MATERIAL SUPPLIED >>

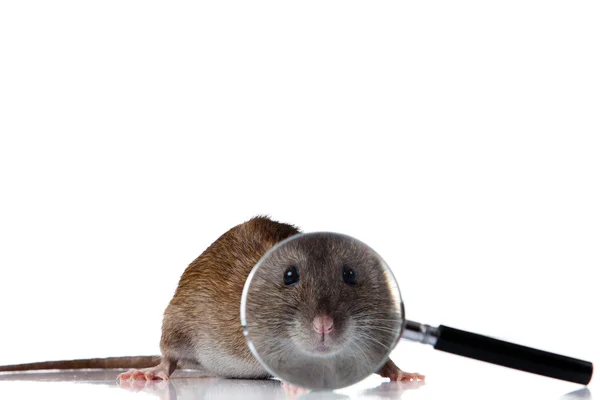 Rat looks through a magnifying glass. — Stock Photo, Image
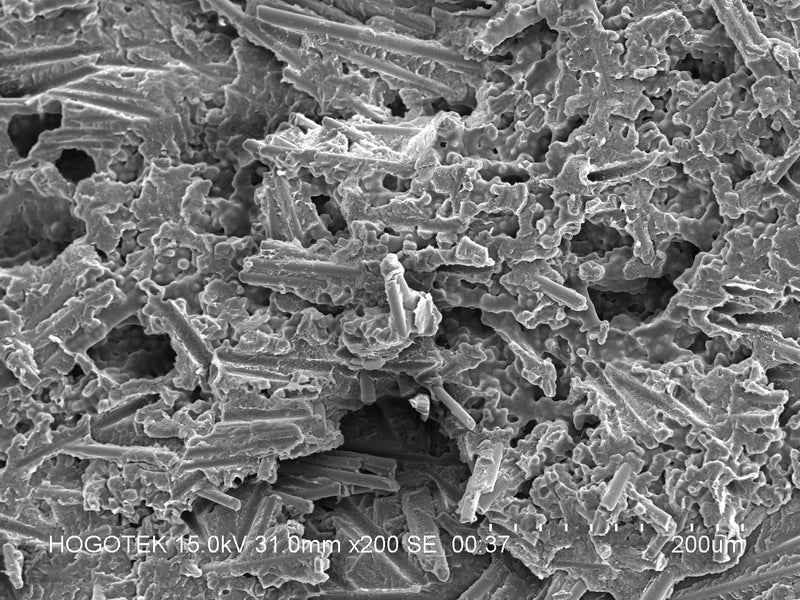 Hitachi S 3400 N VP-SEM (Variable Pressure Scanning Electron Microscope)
* * *
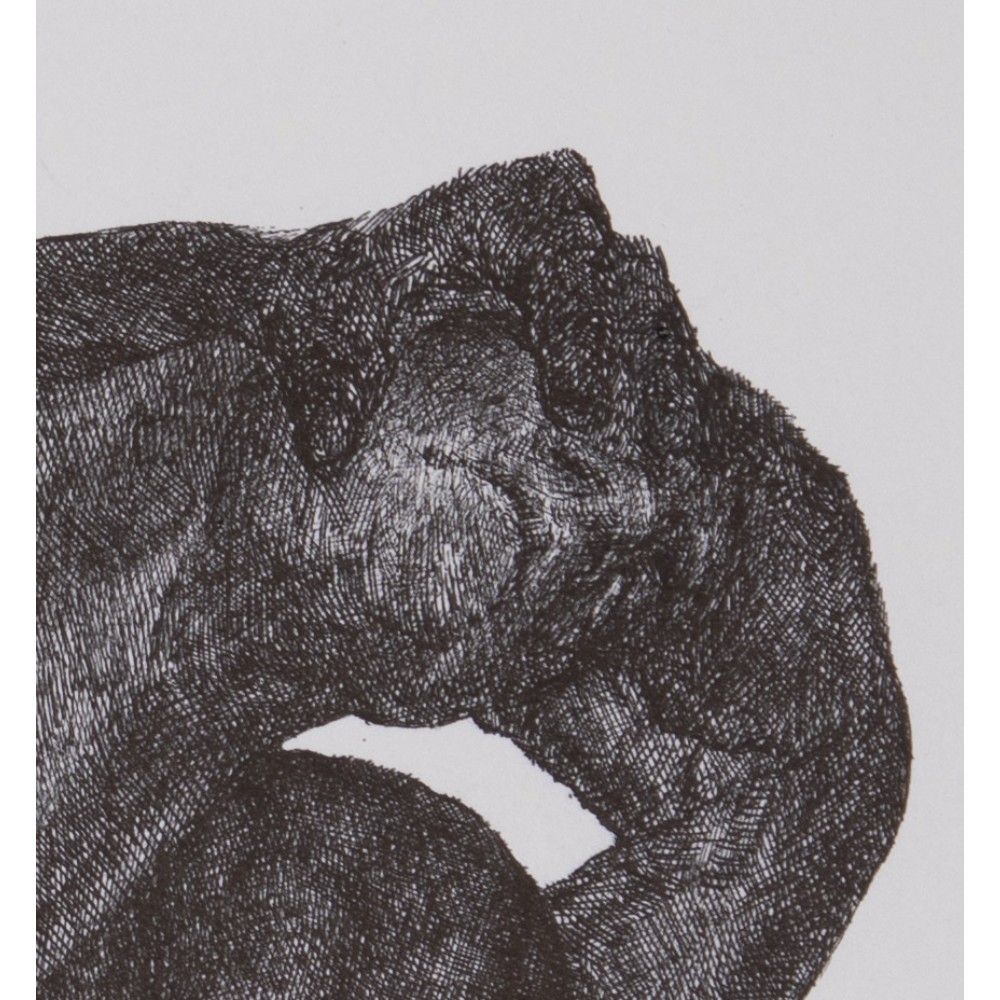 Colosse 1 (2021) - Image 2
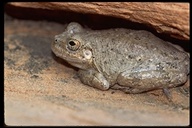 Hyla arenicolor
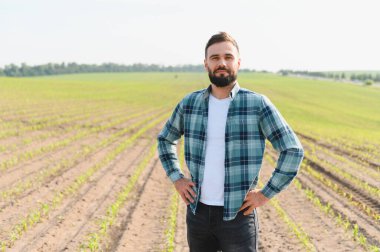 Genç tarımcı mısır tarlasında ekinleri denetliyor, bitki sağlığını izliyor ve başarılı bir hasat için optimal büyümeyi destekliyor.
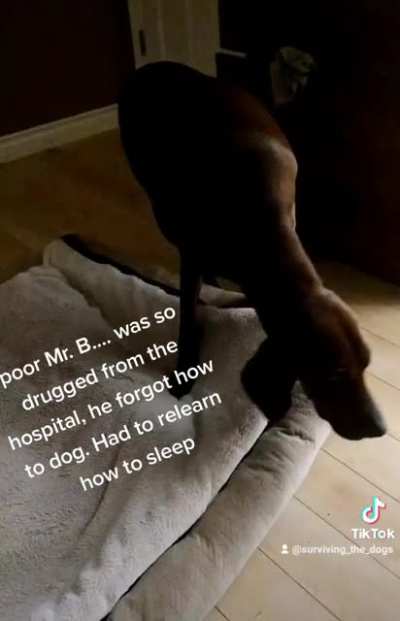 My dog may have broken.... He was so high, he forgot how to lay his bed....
* * *
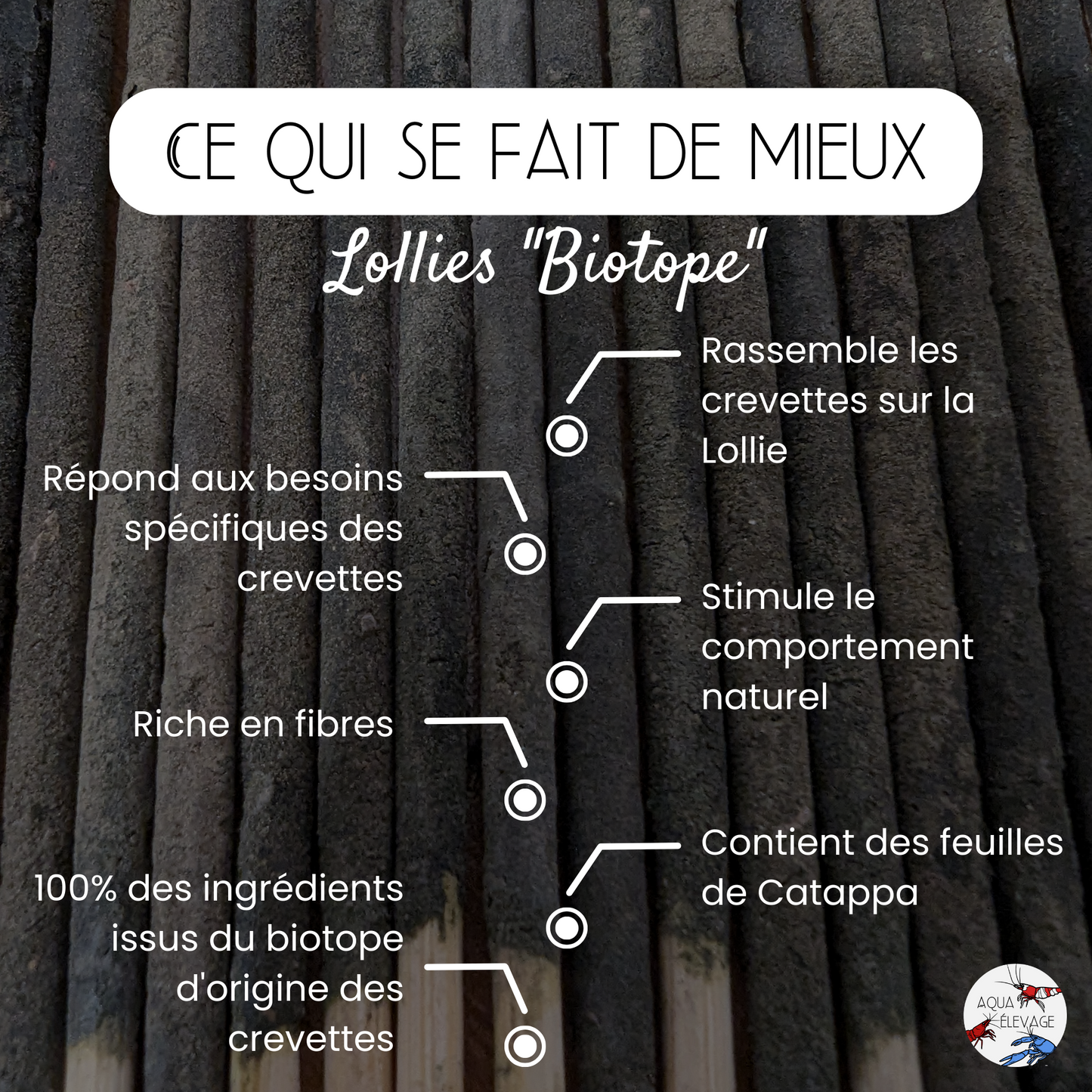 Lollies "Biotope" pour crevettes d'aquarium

WHAT YOU ARE ASKED TO DO >> In the listing above, find the line with "Genç tarımcı mısır" and the line with "My dog may have". Copy both of them and every line between, exactly, but not the pictures.

FINAL ANSWER >>
 Genç tarımcı mısır tarlasında ekinleri denetliyor, bitki sağlığını izliyor ve başarılı bir hasat için optimal büyümeyi destekliyor.
 My dog may have broken.... He was so high, he forgot how to lay his bed....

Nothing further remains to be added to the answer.